I’m running the bpnet Juypter notebook in Tao_launcher_starter_kit. Things are going fine until I get to the cell that does " Create the tfrecords using the bpnet dataset_convert tool". This is exactly the same error that is in the forum on April 12 2022 but it was closed without a resolution that I can understand.

It said that Morganh solved the problem with "Please trigger the tao docker in dgpu, such as V100, A100, T4, etc. Jetson devices is not expected to trigger tao docker. " The person asking didn’t understand that solution, and I don’t either. I would think that the sequence of actions in the notebook would handle that issue. But of course I will follow whatever instructions I need to to get past this. How does one trigger the tao docker in dgpu in the context of this notebook, if that is also my solution? Thanks in advance.

Here is the printout, the same as in the previous forum entry:
2023-12-04 17:47:44,422 [TAO Toolkit] [INFO] root 160: Registry: [‘nvcr.io’]
2023-12-04 17:47:44,798 [TAO Toolkit] [INFO] nvidia_tao_cli.components.instance_handler.local_instance 360: Running command in container: nvcr.io/nvidia/tao/tao-toolkit:5.0.0-tf1.15.5
2023-12-04 17:47:44,844 [TAO Toolkit] [INFO] nvidia_tao_cli.components.docker_handler.docker_handler 275: Printing tty value True
Docker instantiation failed with error: 500 Server Error: Internal Server Error (“failed to create task for container: failed to create shim task: OCI runtime create failed: runc create failed: unable to start container process: error during container init: error running hook #0: error running hook: exit status 1, stdout: , stderr: Auto-detected mode as ‘csv’
invoking the NVIDIA Container Runtime Hook directly (e.g. specifying the docker --gpus flag) is not supported. Please use the NVIDIA Container Runtime (e.g. specify the --runtime=nvidia flag) instead.: unknown”)

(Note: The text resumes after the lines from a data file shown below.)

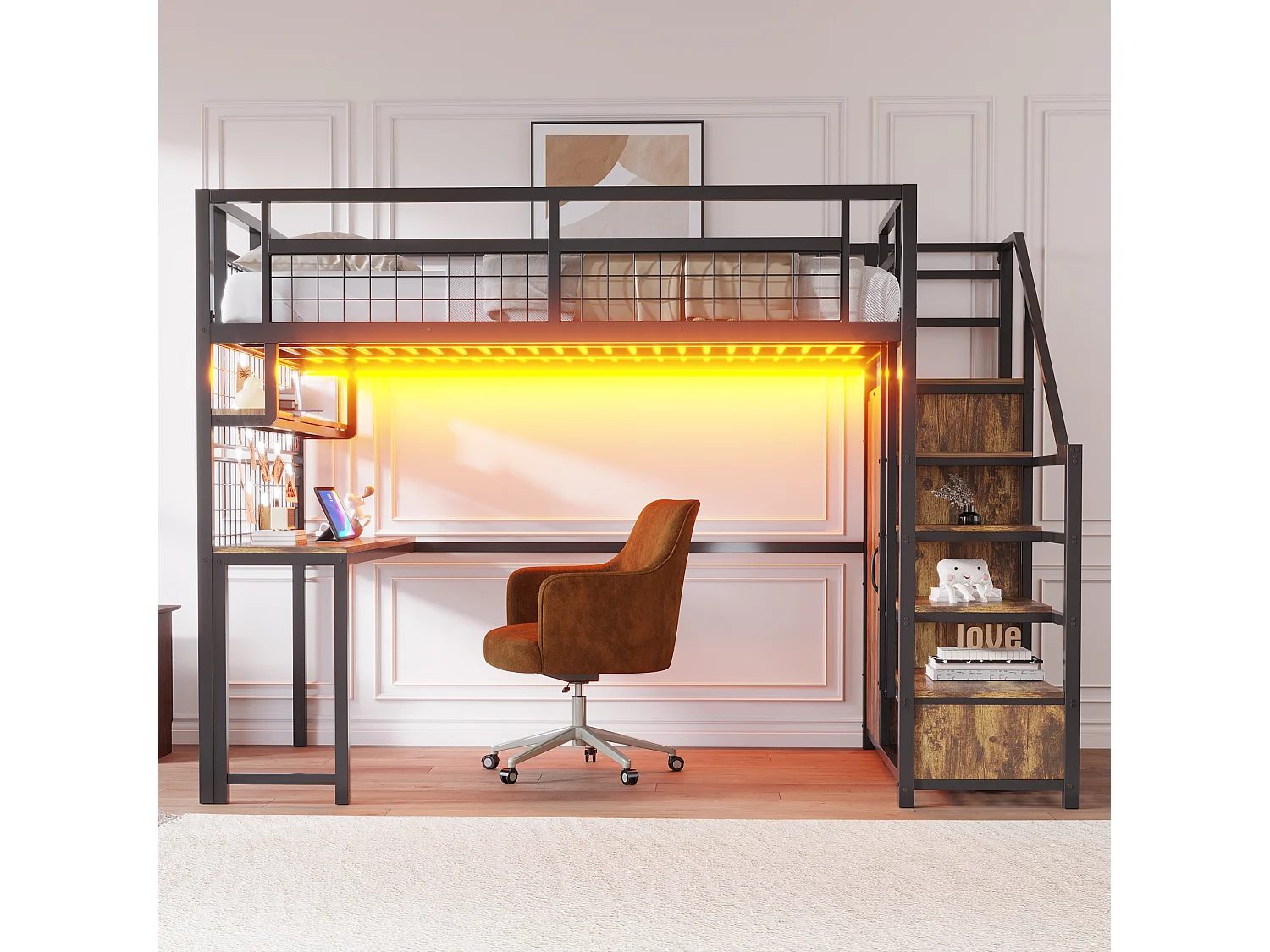 Cama alta de metal 140x200 cm - con iluminação LED e tomadas - com escada com armazenamento - com guarda-roupa - armazenamento e mesa - preto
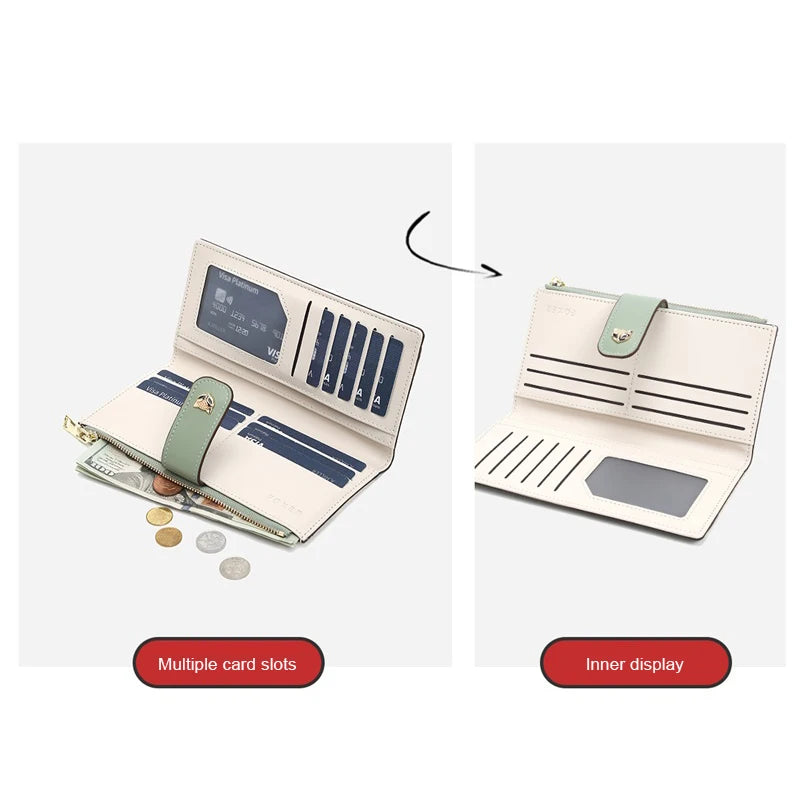 FOXER New Women's Long Wallet Fashion Multi-card Clutch Slot Card Holder Signature Versatile PU Floral Wallet Zipper Coin Purse.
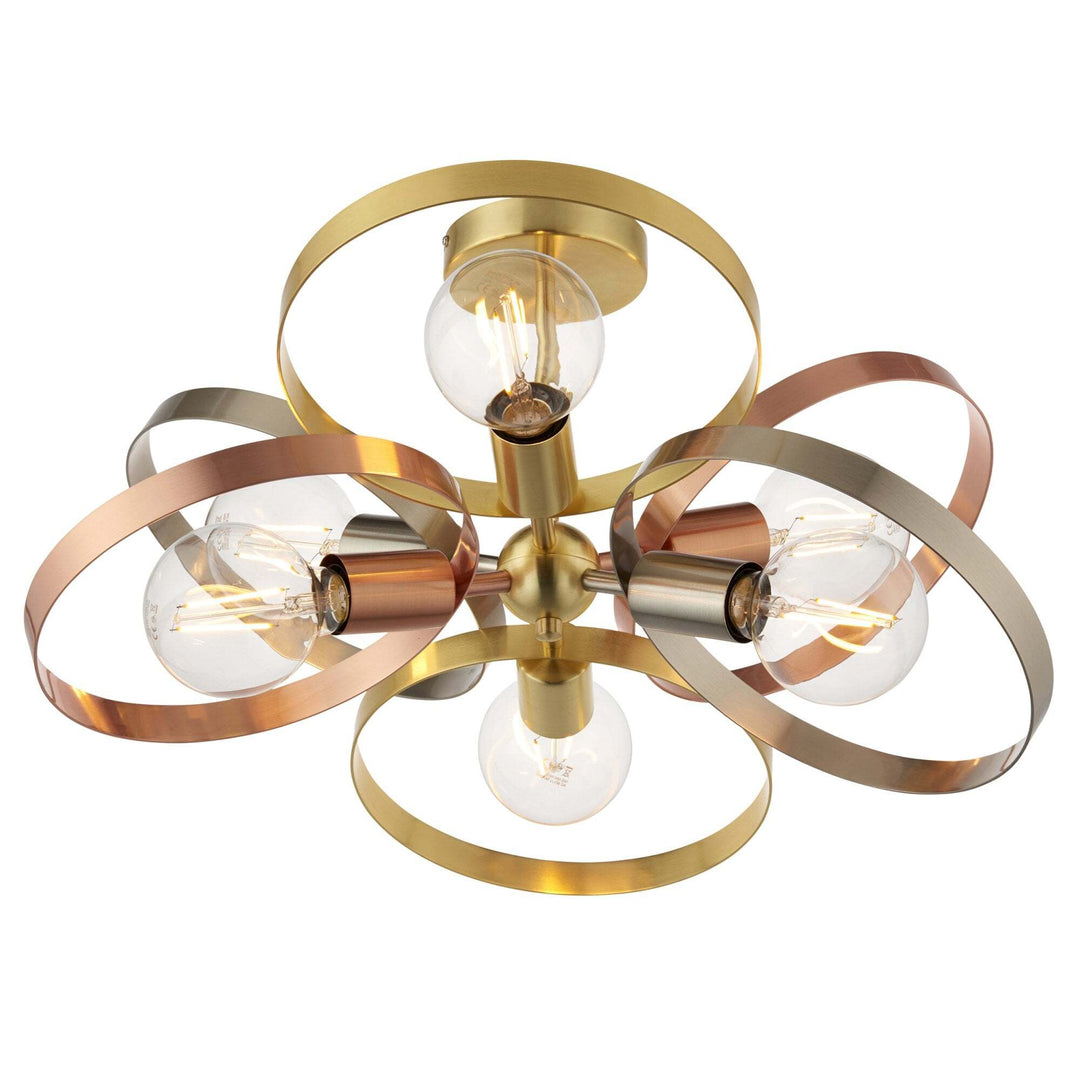 Endon 91935 Hoop 6 Light Semi Flush Ceiling Light Brass Nickel Copper –  Solihull Lighting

You are running in Jetson Orin Nano. For tao docker, it is expected to trigger in dgpu machines.

Thanks for your very quick response! So what should I do to fix this?

Do you have any local dgpu machine? For training, user can run trigger TAO docker in local machine or Cloud machines(https://docs.nvidia.com/tao/tao-toolkit/text/running_in_cloud/running_tao_toolkit_on_aws.html).
For deployment, user can run in dgpu machines, Cloud machines or Jetson devices.

I bought the Orin Nano to do this development. Are you saying that I can’t use Tao with it?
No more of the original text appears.